#### [TASK BRIEF]
Start with the line that holds "Deleting a Node". Please copy it and each remaining line below exactly, leaving pictures out.

#### [DATA UNDER STUDY]
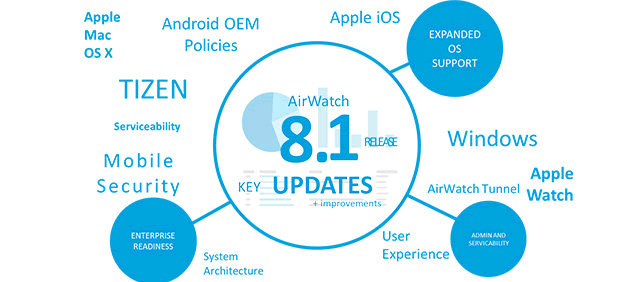 AirWatch 8.1添加了对Tizen操作系统的支持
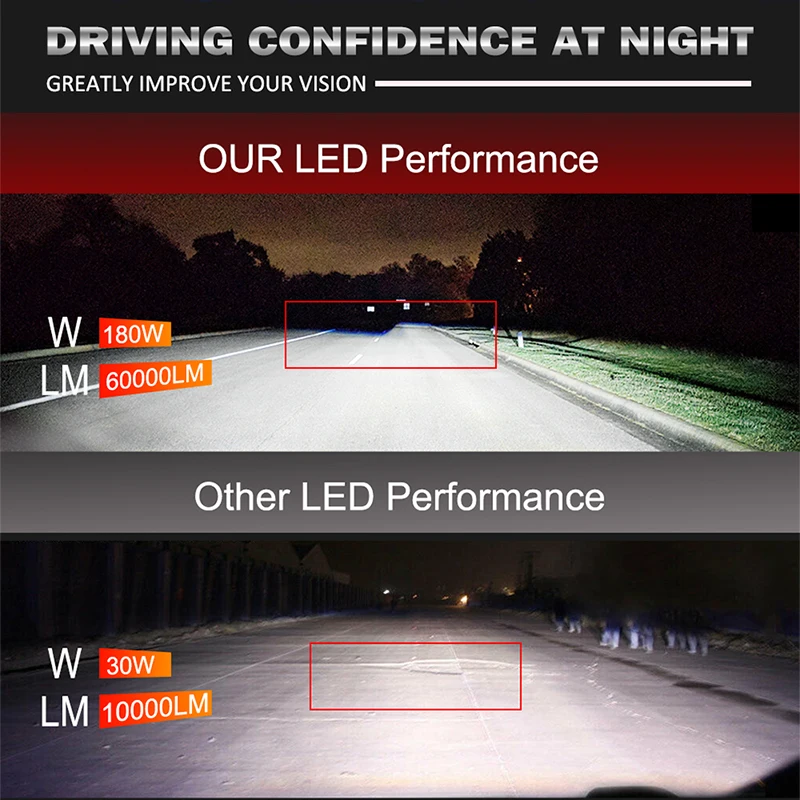 180 Series High Powered LED Headlight with Canbus: Boost your visibility  and safety on the road (H4/H7/HB3/HB4/H1/H11) - Durvient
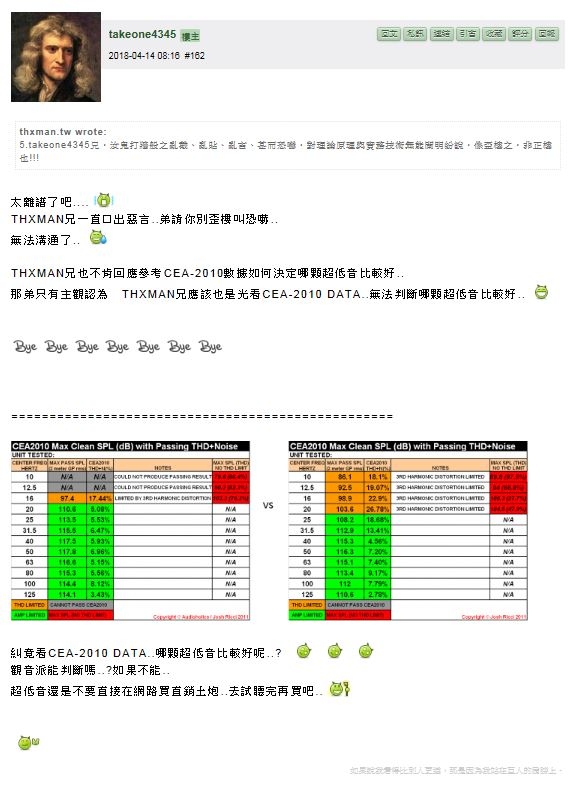 【Re】: CEA-2010 超低音測試簡易重點介紹 & 揭櫫可笑卑劣之為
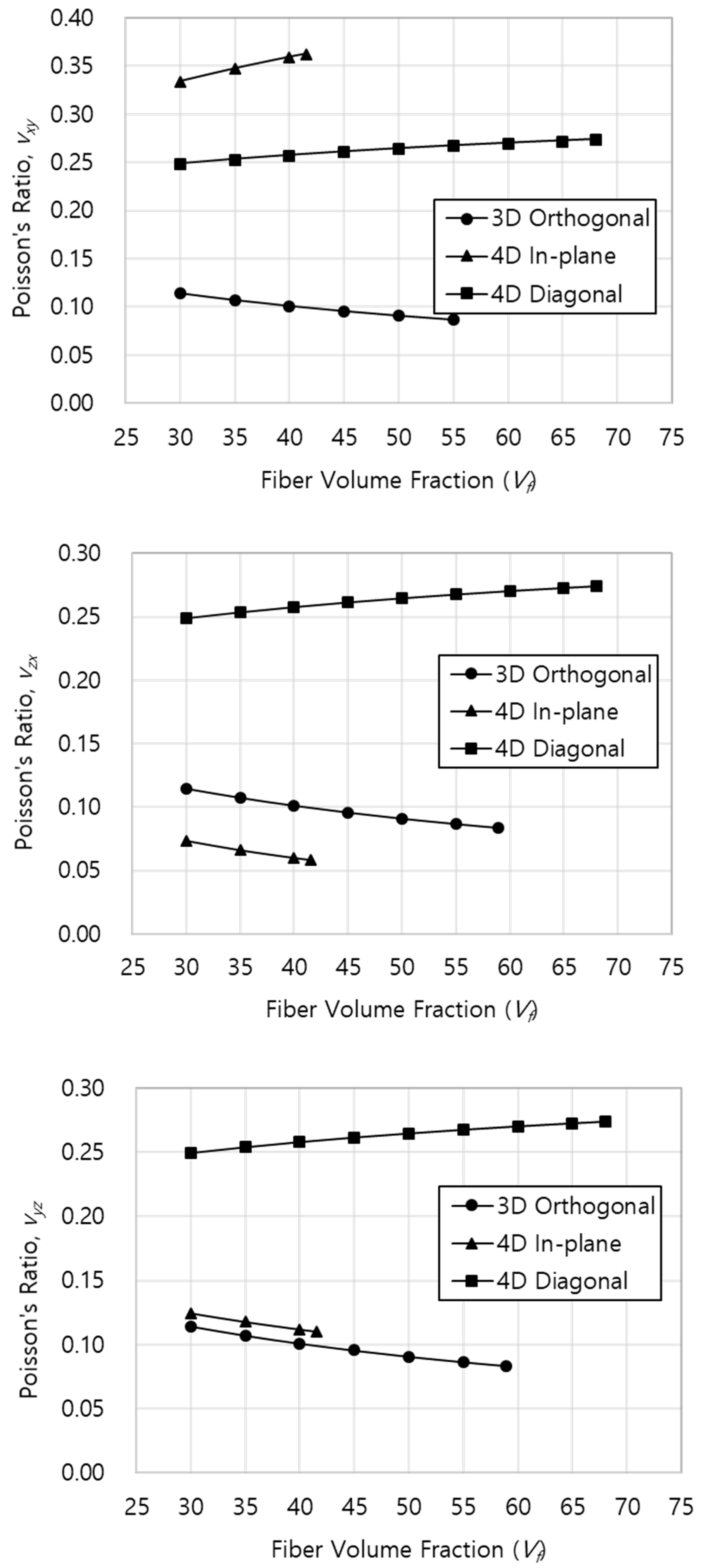 Aerospace 09 00461 g018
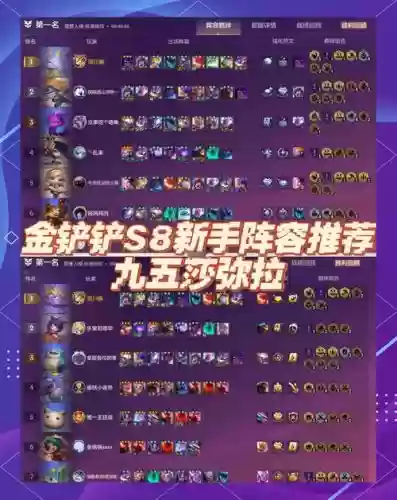 阵容s8冷门阵容排名插图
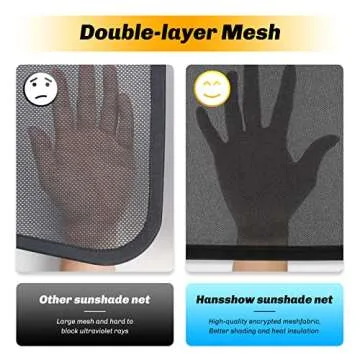 HANSSHOW Tesla Model 3 Accessories Sunshade Sunroof for Model 3 2021 2022 Tesla Glass Top Window Roof Sunshade Insulation UV Rays Protection Black
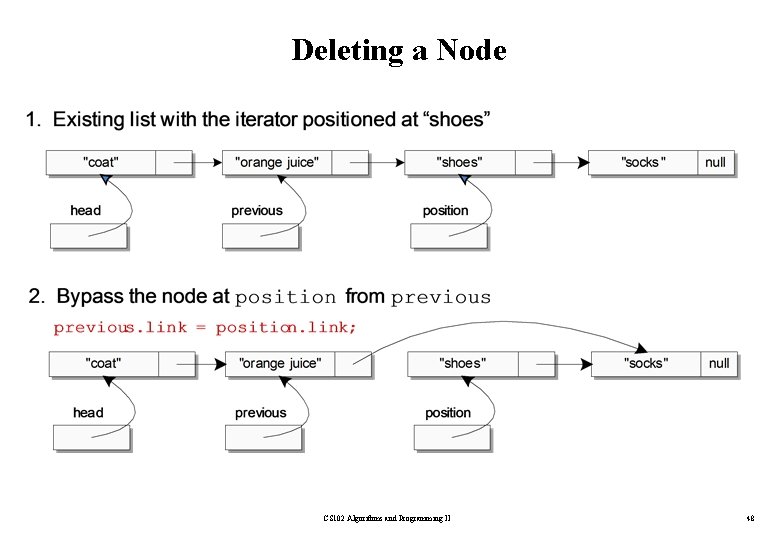 Deleting a Node CS 102 Algorithms and Programming II 48 
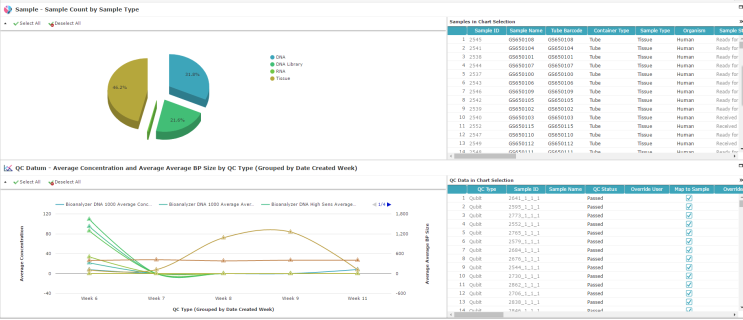 Exemplar LIMS Software - Exemplar LIMS sample count screenshot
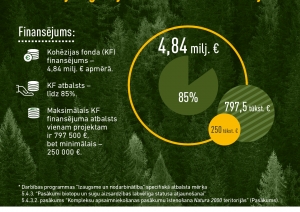 Investīciju ieguldījumi Natura 2000 teritorijās 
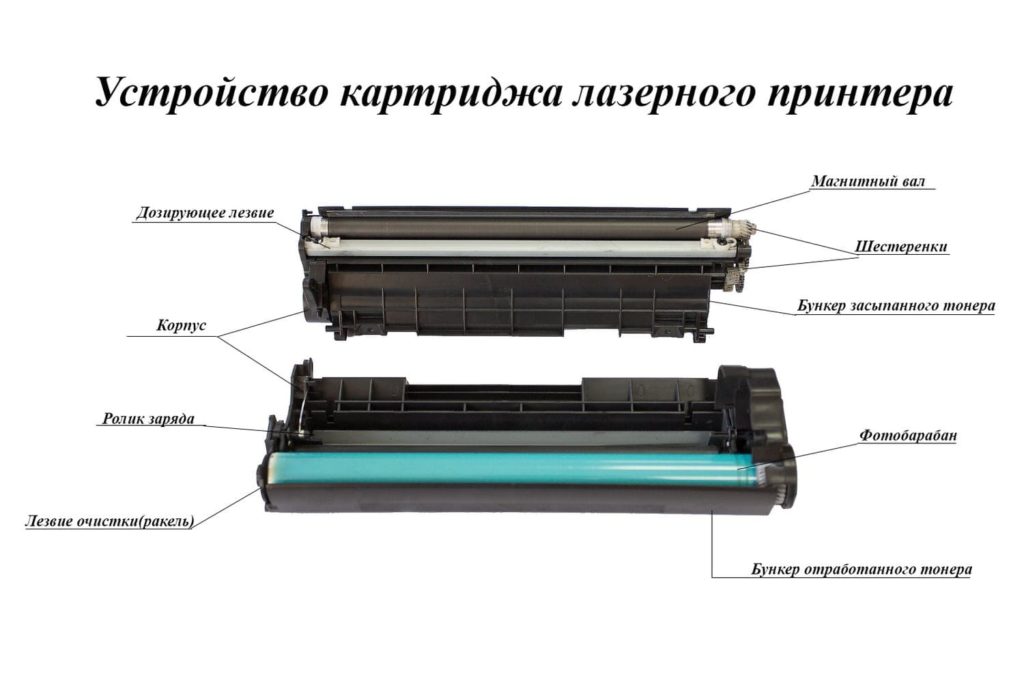 Как прочистить принтер epson – инструкция, пути решения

#### [TASK RESPONSE]
 Deleting a Node CS 102 Algorithms and Programming II 48 
 Exemplar LIMS Software - Exemplar LIMS sample count screenshot
 Investīciju ieguldījumi Natura 2000 teritorijās 
 Как прочистить принтер epson – инструкция, пути решения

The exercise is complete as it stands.